Nothing but the lines from the one with "Houstonia caerulea seeds" through the end of the material should be retyped, word for word and without pictures.

§ **DATA FOR THIS EXERCISE**
=-=-=

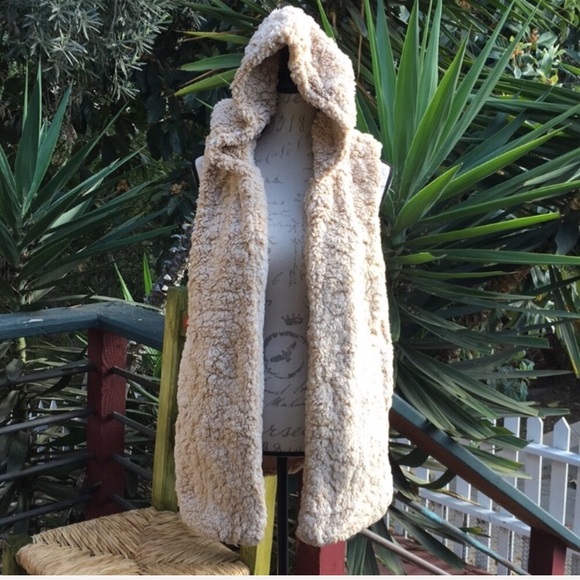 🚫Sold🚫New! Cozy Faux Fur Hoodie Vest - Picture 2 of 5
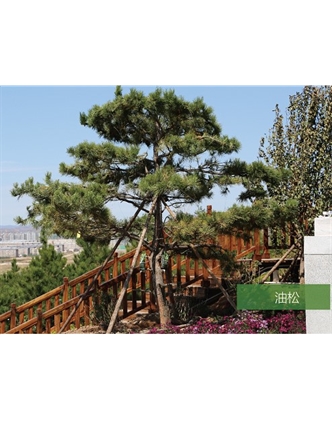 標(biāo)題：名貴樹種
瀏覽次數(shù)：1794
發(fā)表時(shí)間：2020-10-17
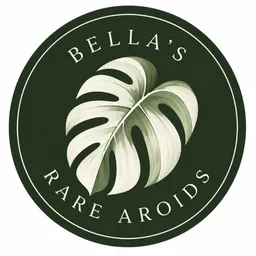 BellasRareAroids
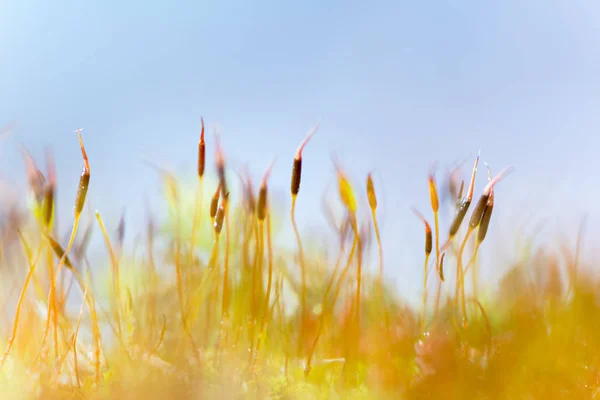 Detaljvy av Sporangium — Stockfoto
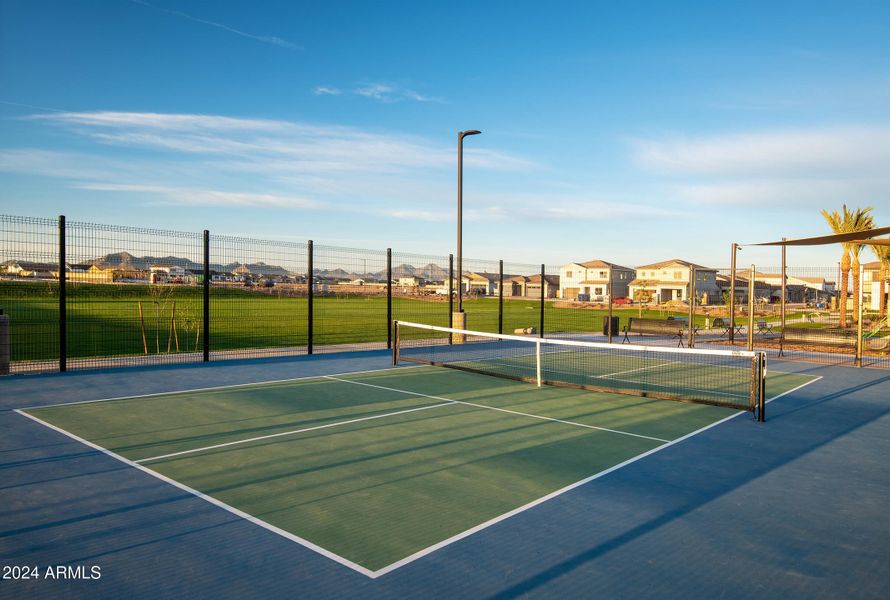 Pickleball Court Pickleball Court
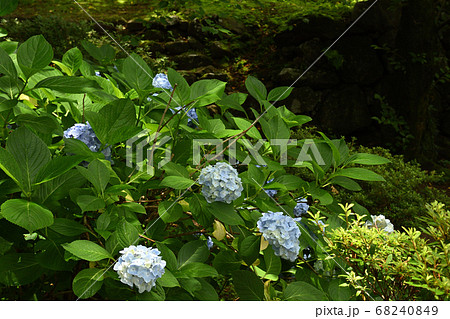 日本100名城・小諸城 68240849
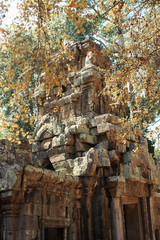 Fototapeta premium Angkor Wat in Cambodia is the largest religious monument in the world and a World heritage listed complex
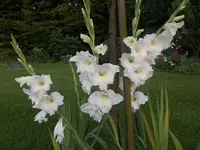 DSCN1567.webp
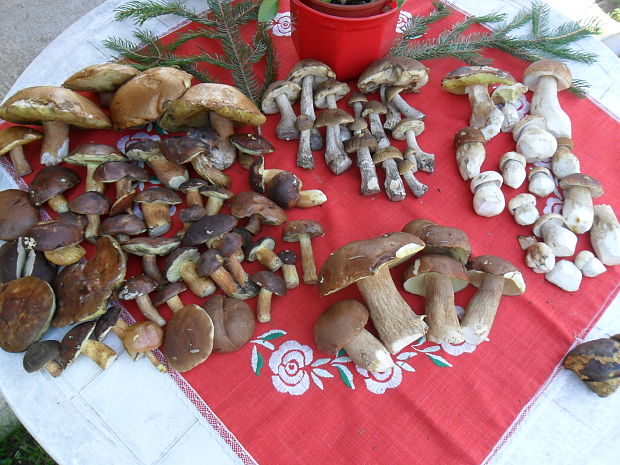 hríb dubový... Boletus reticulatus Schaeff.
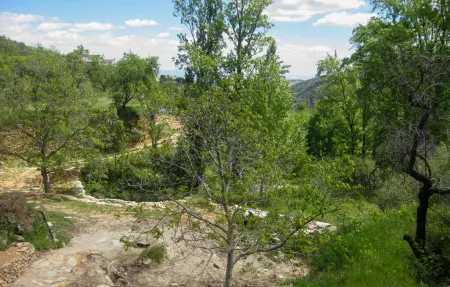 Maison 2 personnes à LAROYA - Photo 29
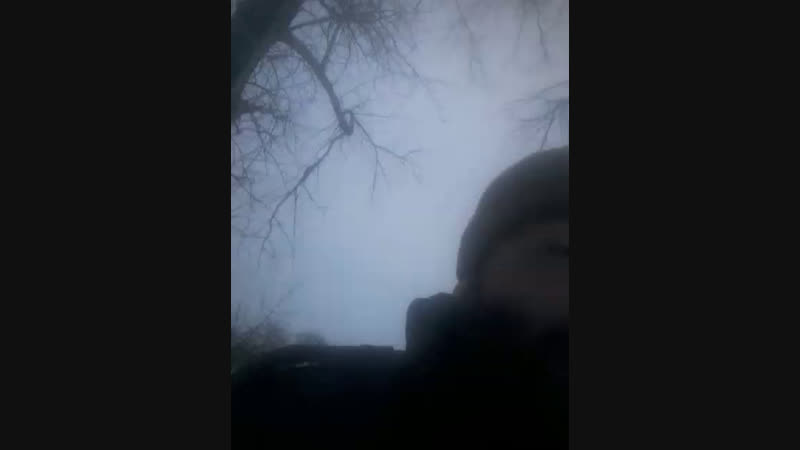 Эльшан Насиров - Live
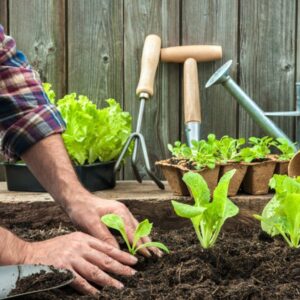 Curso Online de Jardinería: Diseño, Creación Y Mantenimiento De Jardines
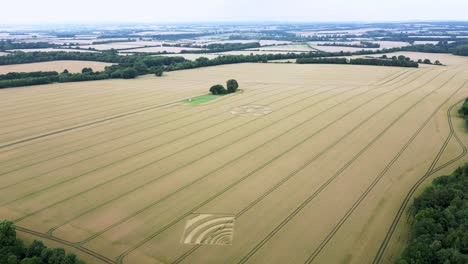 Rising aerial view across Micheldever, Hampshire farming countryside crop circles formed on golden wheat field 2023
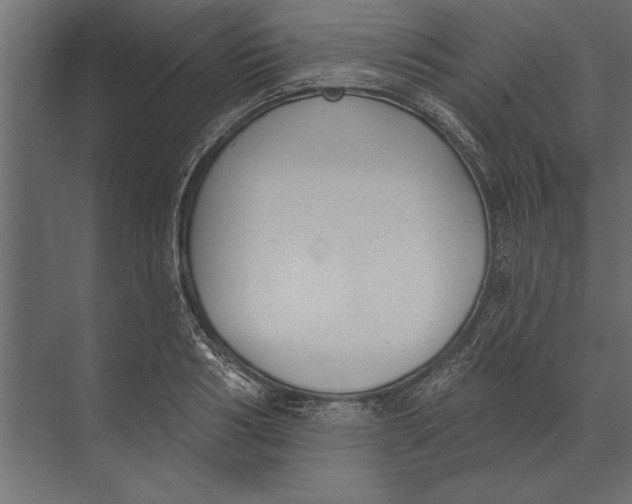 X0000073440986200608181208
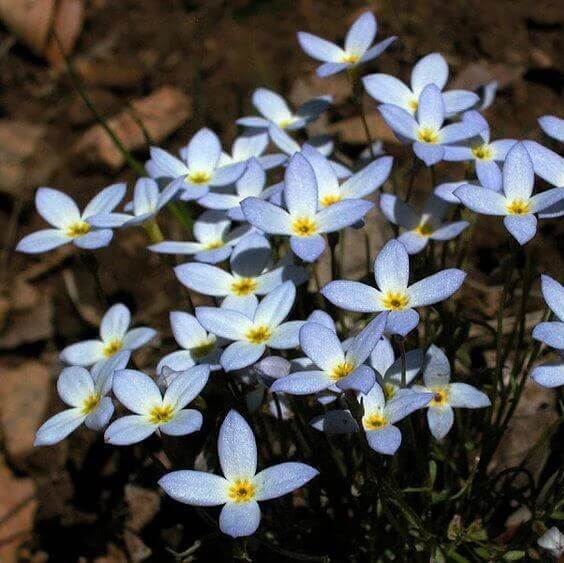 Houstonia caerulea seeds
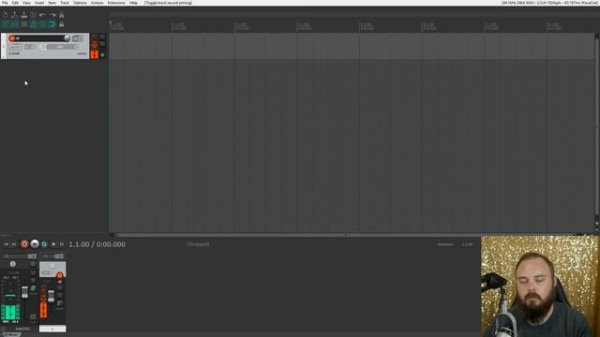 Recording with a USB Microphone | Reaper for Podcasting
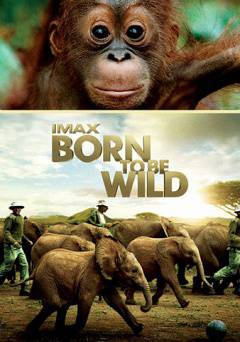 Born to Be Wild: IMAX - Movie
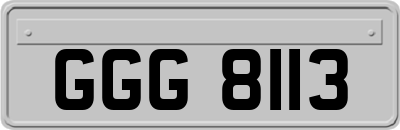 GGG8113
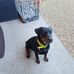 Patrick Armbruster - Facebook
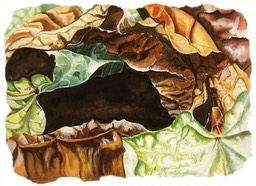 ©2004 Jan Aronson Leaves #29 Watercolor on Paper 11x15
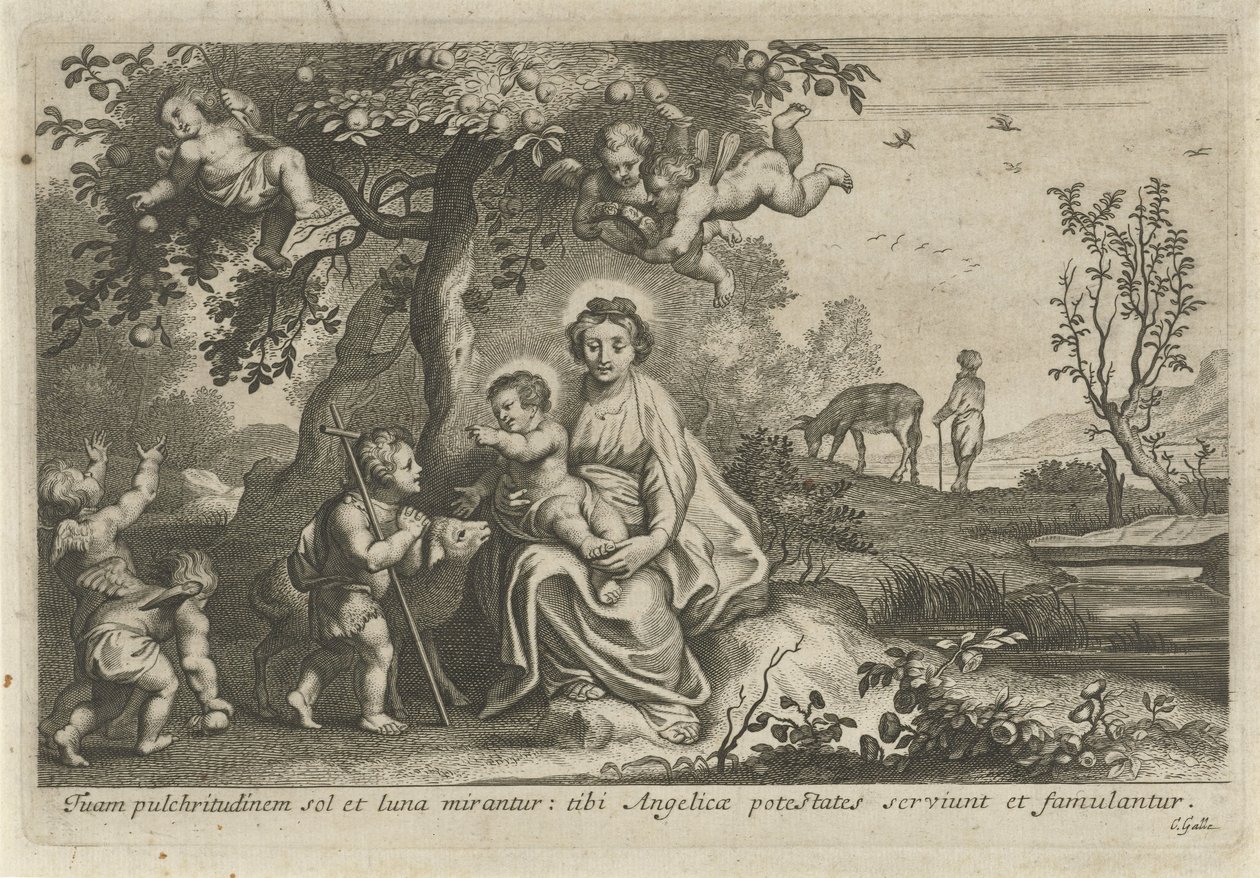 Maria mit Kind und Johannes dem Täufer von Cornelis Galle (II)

=-=-=

§ **REPLY TO THE TASK**
 Houstonia caerulea seeds
 Recording with a USB Microphone | Reaper for Podcasting
 Born to Be Wild: IMAX - Movie
 GGG8113
 Patrick Armbruster - Facebook
 ©2004 Jan Aronson Leaves #29 Watercolor on Paper 11x15
 Maria mit Kind und Johannes dem Täufer von Cornelis Galle (II)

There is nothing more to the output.